We got the tip from Electrek, which covered this freakish mashup. According to The Real Life Guys YouTube channel, the build took place over the course of four weeks "day and night," most of that focused on the giant chains. The creators tested out the first track by towing it behind another vehicle and jumping on, running on top. Then they build the second one and a platform to lift the Model 3 into place to connect the tracks.

"The chains are super high," one of the builders says in the video. "It's not going to be easy to attach the Tesla to them."

I’ve seen a GMC Sierra on tank tracks and even a Nissan Altima, but never a Tesla Model 3; this is a new one. I approve, though: if there’s one way to make a Tesla extra cool, it’s 1.3-ton chains. Forget Ludicrous mode, because this kind of build turns an ordinary EV into a go-anywhere monster.

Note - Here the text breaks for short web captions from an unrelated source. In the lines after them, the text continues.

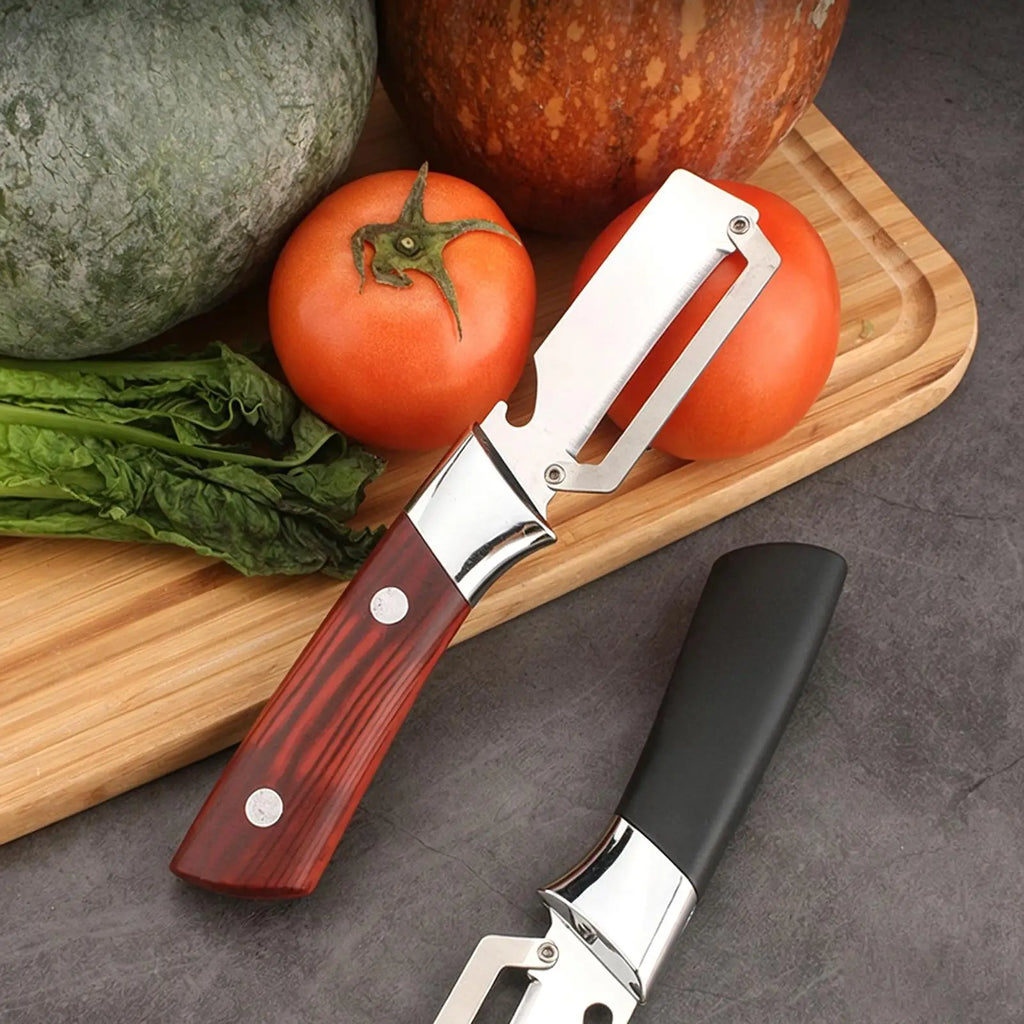 Stainless Steel Peeler Wooden Handle | Multifunctional Kitchen Tool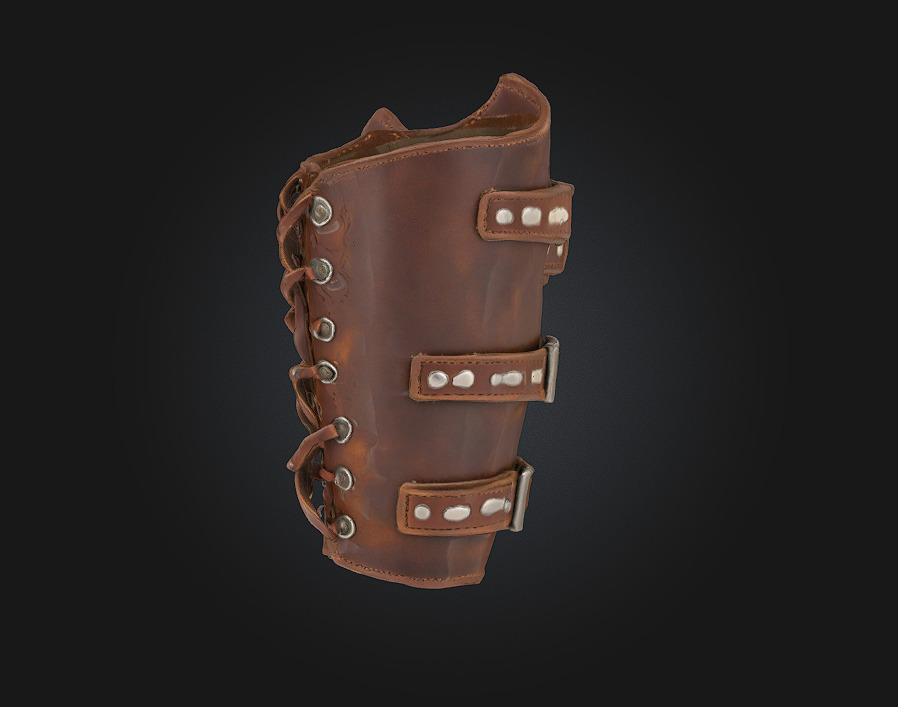 Armored Bracers 3D model_5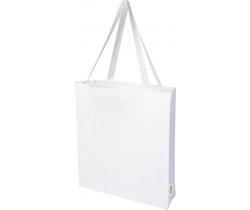 Madras torba na zakupy z bawełny z recyklingu z certyfikatem GRS 140 g / m² z dnem 120733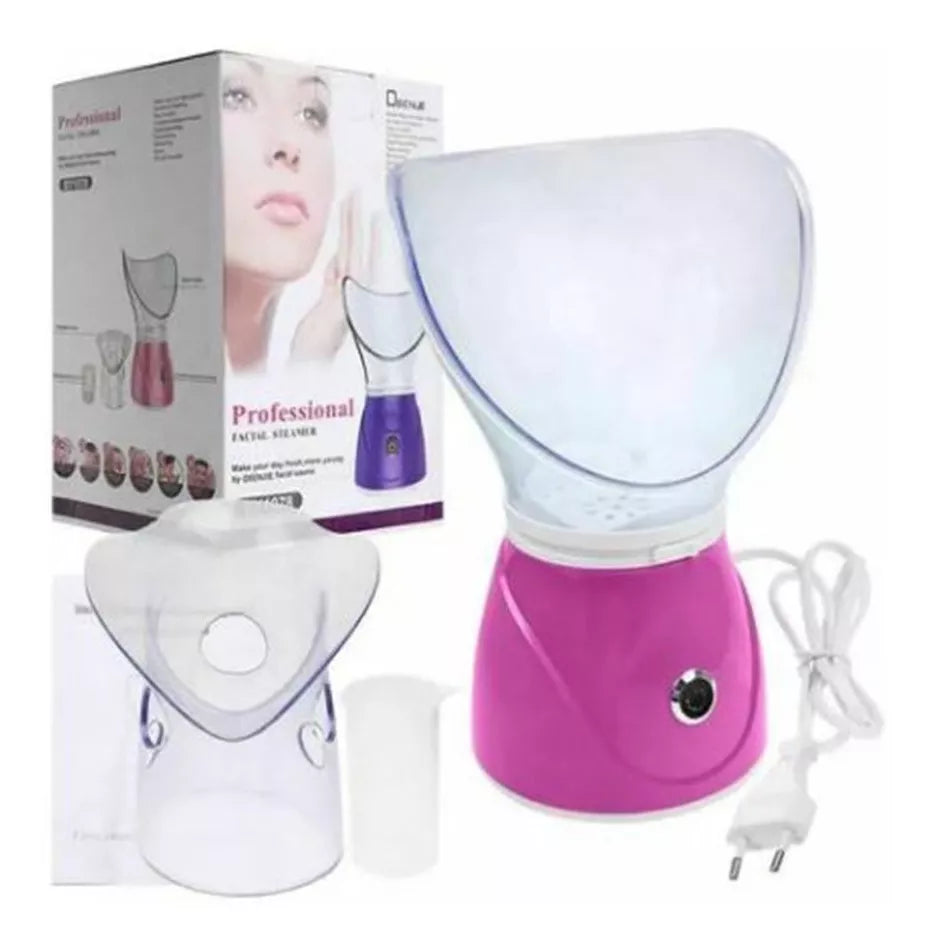 Vaporizador facial completo con máscaras y taza medidora
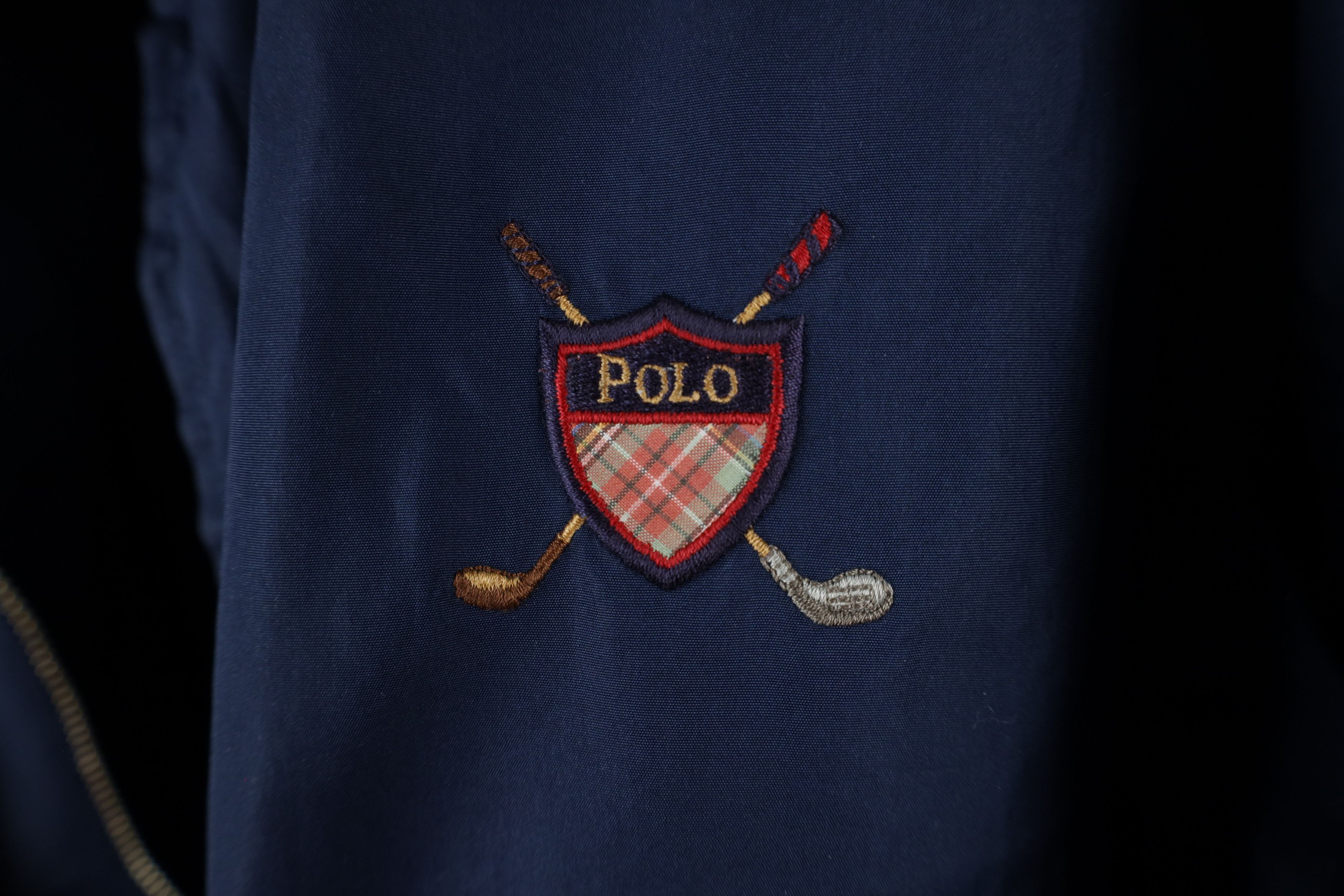 Ralph Lauren × Vintage Vtg 90s Polo Golf Ralph Lauren Windbreaker Jacket AS IS Size US L / EU 52-54 / 3 - 4 Thumbnail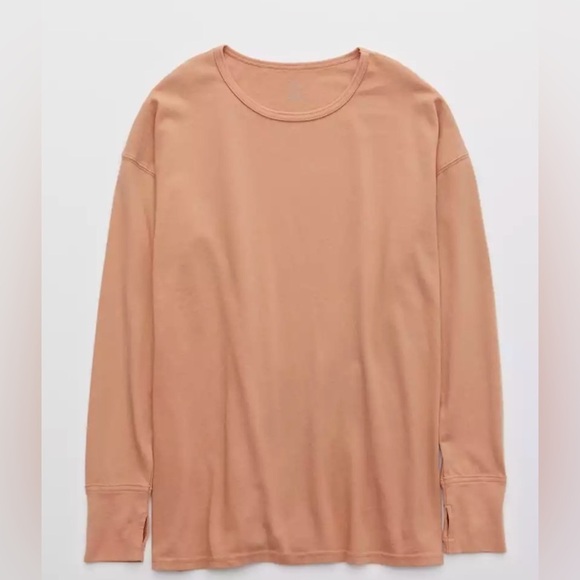Aerie OFFLINE Unstoppable Long Sleeve Shirt with Thumbholes XS Soft Lounge - Picture 3 of 10
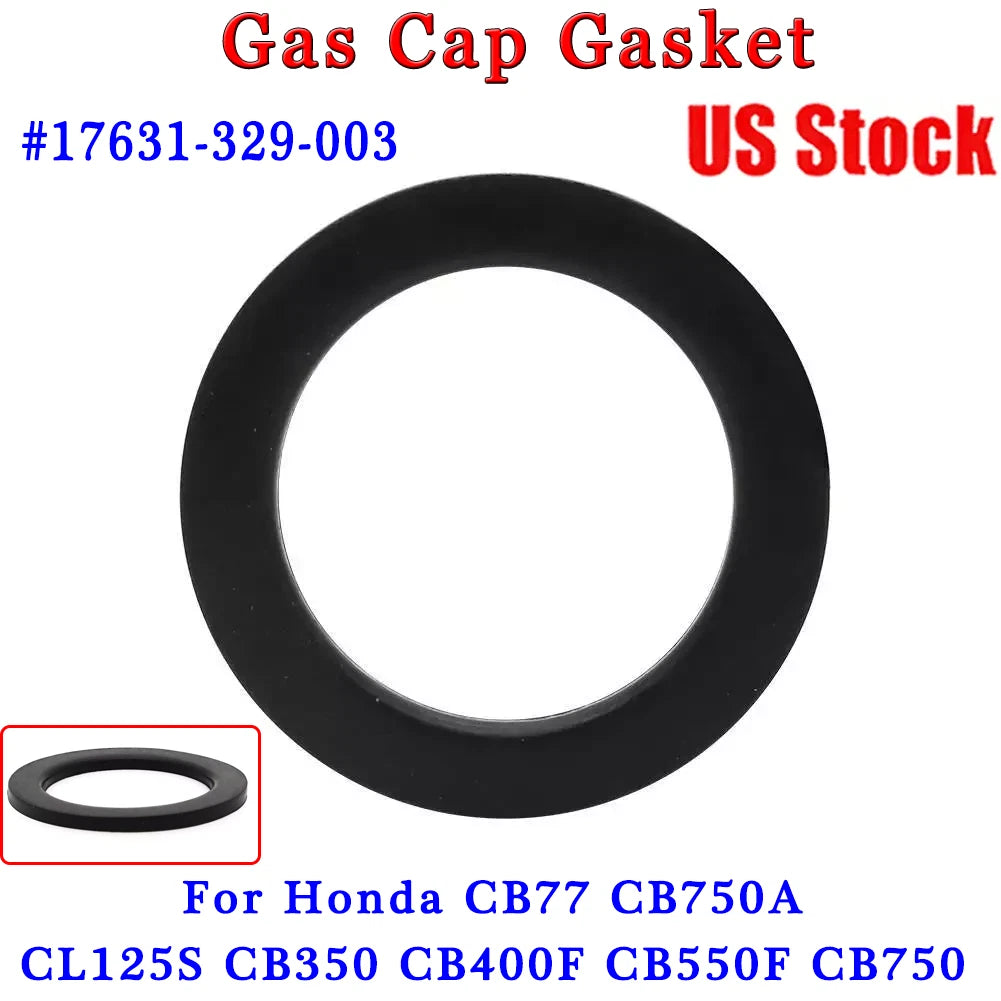 Gas Cap Gasket for Honda CB77 CB350 CB400F CB550F CB750 CB175 (1960–1980)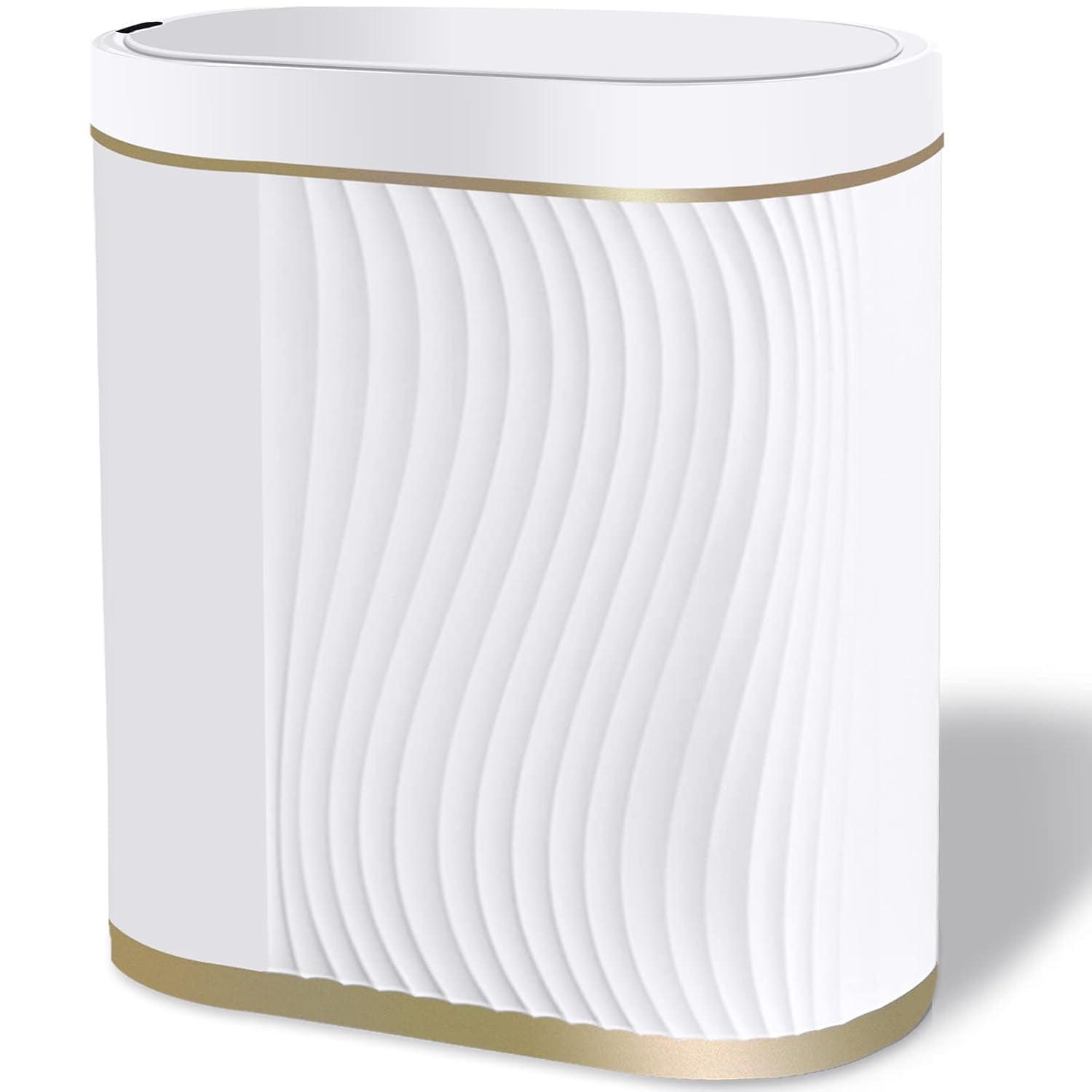 RFVT Small Automatic Trash Bin 2 Gallon Motion sensor. For bath, kitchen. Slim, waterproof plastic
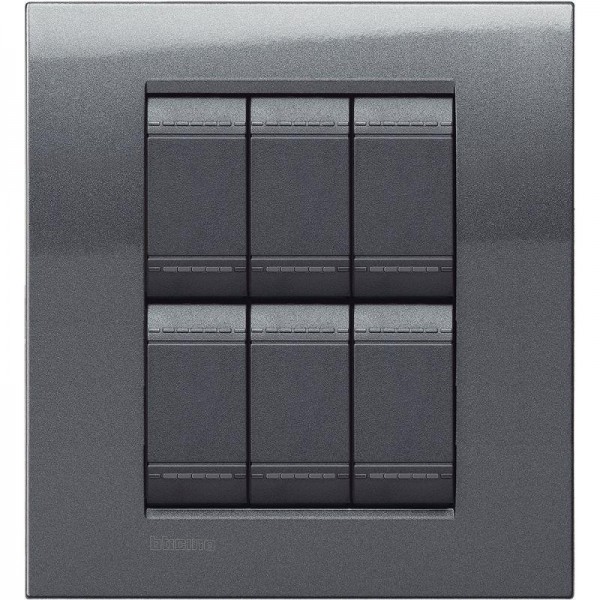  Рамка 7-м LivingLight "Сталь" Leg BTC LNA4826AC 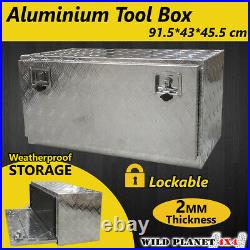 Aluminium Tool Box Large Tool Storage w Lock UTE Trailer Truck Heavy Duty Vehicl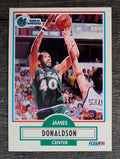1990-91 Fleer #41 James Donaldson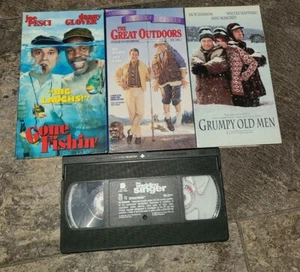 Grumpy Old Men, Wedding singer, Great Outdoors and Gone Fishin' vhs lot - Picture 1 of 2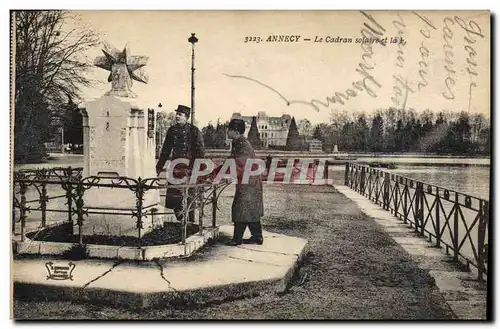 Cartes postales Horloge Annecy Le cadran solaire et la prefecture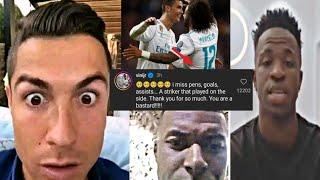 Cristiano, Vinicius & Madrid Players Reaction on Marcelo Retirement 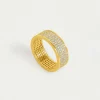 Fashion Petit Pavé Thick Stacking Ring Stacking Rings | Rings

With 31 inches of ground clearance, you could go into the wilderness as long as there's a charging station somewhere within range. However, the heavy add-ons surely reduce the range by a lot; I'm hoping they test it out and report back on an actual number.

The fun part is that they pranked their best friend Eric, wrapping the tank just like his so that when they revealed the vehicle at the completion of the build, he was convinced it was his Model 3.

No word on the total cost for this, but between the humongous tracks (which they call chains), 12 springs, and all of the fabrication, I'm guessing this is not a project for the average person and it's not likely to go mainstream. Enjoy it in all of its glory, because you may not see another one any time soon.